Troubleshooting

Symbol aliases

SymPy treats symbols with different assumptions as different symbols even if they have the same name. To reduce this confusion, Lcapy assumes that symbol names are not aliased. It achieves this by maintaining a list of defined symbols for each circuit. However, it is unaware of symbols created by SymPy.

Symbol assumptions

There can be difficulties with symbol assumptions when working with SymPy. By default SymPy creates symbols with few assumptions, for example,

>>> from sympy import Symbol
>>> R1 = Symbol('R')
>>> R1.assumptions0
{'commutative': True}

On the other hand, by default, Lcapy assumes that symbols are positive (unless explicitly defined otherwise). For example,

>>> from lcapy import symbol
>>> R2 = symbol('R')
>>> R2.assumptions0
{'commutative': True,
'complex': True,
'hermitian': True,
'imaginary': False,
'negative': False,
'nonnegative': True,
'nonpositive': False,
'nonzero': True,
'positive': True,
'real': True,
'zero': False}

Since R1 and R2 have different assumptions, SymPy considers them different symbols even though they are both defined with the same name R.
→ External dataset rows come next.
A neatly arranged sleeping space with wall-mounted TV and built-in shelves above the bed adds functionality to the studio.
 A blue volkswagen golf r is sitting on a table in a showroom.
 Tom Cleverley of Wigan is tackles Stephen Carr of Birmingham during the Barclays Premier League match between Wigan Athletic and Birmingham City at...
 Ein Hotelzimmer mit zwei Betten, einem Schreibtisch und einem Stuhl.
Note, every real symbol is also considered complex although with no imaginary part. The proper way to test assumptions is to use the attributes is_complex, is_real, etc. For example,

>>> t.is_real
True
>>> t.is_complex
False

Zero substitution

Be careful with zero substitutions. For example, consider
>>> x = symbol('x')
>>> (x * (s + 1 / x)).subs(x, 0)
0

In general it is safer (but slower) to evaluate a limit at zero.

>>> x = symbol('x')
>>> (x * (s + 1 / x)).limit(x, 0)
1

Another approach is expand the expression to avoid the division:

>>> x = symbol('x')
>>> (x * (s + 1 / x)).expand().subs(x, 0)
1

Computation speed

Lcapy can be slow for large problems due to the computational complexity of the algorithms. If speed is important, it is better to substitute symbolic values with numerical values.

The results from slow computations are cached to improve the speed.